This article is part of Shared Justice’s Transformative Justice series running throughout January and February. The series explores one of the most urgent areas for reform within the juvenile justice system: juvenile probation. Focusing on promising practices in diversion and prevention, including Credible Messenger Mentoring, the series will highlight opportunities for government and civil society to create a juvenile justice system that is more equitable, effective, and restorative.

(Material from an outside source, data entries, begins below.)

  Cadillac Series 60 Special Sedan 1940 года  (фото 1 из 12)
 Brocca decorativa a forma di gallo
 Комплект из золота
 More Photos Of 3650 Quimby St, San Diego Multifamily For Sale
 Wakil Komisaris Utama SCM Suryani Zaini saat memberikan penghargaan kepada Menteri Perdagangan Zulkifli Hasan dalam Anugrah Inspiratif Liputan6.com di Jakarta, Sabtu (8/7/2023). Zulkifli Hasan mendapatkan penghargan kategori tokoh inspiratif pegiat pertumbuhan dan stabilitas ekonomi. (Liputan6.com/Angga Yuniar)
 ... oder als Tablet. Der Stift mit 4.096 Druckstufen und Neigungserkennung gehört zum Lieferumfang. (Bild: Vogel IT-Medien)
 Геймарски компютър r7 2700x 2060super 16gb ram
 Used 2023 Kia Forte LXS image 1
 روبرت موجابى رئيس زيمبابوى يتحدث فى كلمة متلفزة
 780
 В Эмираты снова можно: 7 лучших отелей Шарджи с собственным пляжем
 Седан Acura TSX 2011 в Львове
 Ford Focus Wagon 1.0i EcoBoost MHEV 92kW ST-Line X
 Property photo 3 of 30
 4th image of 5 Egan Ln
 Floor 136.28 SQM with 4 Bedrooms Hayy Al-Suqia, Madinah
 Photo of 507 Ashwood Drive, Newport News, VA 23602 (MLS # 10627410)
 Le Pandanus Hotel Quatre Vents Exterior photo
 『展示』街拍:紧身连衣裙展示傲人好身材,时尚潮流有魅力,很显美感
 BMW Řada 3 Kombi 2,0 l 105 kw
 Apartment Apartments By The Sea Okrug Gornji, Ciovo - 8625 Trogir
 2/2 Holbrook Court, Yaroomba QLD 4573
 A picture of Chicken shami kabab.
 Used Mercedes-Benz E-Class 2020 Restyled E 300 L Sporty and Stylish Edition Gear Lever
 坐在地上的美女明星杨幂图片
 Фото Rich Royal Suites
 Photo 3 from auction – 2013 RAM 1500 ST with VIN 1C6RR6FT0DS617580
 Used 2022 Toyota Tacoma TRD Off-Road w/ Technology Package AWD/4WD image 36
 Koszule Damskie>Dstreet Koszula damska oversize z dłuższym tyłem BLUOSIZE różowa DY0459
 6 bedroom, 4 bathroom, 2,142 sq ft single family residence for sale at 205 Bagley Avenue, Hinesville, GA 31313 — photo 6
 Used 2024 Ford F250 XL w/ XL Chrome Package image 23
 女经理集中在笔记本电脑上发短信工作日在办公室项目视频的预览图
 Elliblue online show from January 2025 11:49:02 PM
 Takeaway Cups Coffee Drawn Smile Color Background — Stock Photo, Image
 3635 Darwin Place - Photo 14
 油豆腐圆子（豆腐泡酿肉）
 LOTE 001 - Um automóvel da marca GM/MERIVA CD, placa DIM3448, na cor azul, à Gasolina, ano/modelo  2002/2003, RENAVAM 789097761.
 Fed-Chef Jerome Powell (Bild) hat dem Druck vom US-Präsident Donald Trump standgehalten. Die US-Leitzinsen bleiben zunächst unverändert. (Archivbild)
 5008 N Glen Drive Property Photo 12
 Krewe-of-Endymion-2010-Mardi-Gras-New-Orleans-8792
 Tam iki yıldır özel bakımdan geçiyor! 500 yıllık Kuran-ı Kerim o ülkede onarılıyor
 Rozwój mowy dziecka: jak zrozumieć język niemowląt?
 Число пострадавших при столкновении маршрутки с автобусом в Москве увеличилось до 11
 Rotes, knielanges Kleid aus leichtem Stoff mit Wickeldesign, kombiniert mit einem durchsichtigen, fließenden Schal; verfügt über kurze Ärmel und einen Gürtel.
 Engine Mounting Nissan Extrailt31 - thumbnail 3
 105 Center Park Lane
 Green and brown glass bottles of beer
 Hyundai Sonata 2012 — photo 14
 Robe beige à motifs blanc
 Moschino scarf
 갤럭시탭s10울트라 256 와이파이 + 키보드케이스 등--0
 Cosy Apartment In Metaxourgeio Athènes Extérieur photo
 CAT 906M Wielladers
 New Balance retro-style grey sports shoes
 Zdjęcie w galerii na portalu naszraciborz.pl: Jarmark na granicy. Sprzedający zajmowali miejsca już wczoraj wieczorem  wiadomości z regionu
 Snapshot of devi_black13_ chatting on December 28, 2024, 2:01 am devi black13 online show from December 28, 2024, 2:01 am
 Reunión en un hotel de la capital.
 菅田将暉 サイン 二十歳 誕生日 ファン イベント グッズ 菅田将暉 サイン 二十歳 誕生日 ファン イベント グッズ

In the Gospels, Jesus regularly spoke in parables that those around him struggled to piece together, frequently misunderstanding his words about wealth, power, sin, and so forth. But Jesus also spoke quite plainly about a number of other social issues — among them, the obligation to properly care for children and youth. In Matthew 18:6, Jesus’ language on the subject is straightforward: “if anyone causes one of these little ones — those who believe in me — to stumble, it would be better for them to have a large millstone hung around their neck and to be drowned in the depths of the sea.” Then, again in verse 10: “see that you do not despise one of these little ones. For I tell you that their angels in heaven always see the face of my Father in heaven.” There isn’t any room for misinterpretation in these words; Jesus is saying that judgment comes for those who mistreat children. And it’s critical to remember that he isn’t just speaking to parents and families. He’s speaking to governments and their officials. He’s speaking to teachers, counselors, and pastors. That’s because Jesus is concerned with the entire order of things in the world —“every square inch” as the Dutch theologian and Prime Minister Abraham Kuyper was fond of saying. In the United States, we have often failed to respond appropriately to Jesus’ command to care for our young people, and much of this failure begins with the practices and processes of our juvenile justice systems. Thankfully, we are not without hope for change (as is always the case for a world in which Christ has lived, died, and risen). In this article, I will briefly explain the problematic pieces of our juvenile justice system and describe a particular practice — Credible Messenger Mentoring — by which some of these challenges can be addressed, demonstrating why public justice necessitates such a strategy for improving the lives of our nation’s justice-involved youth.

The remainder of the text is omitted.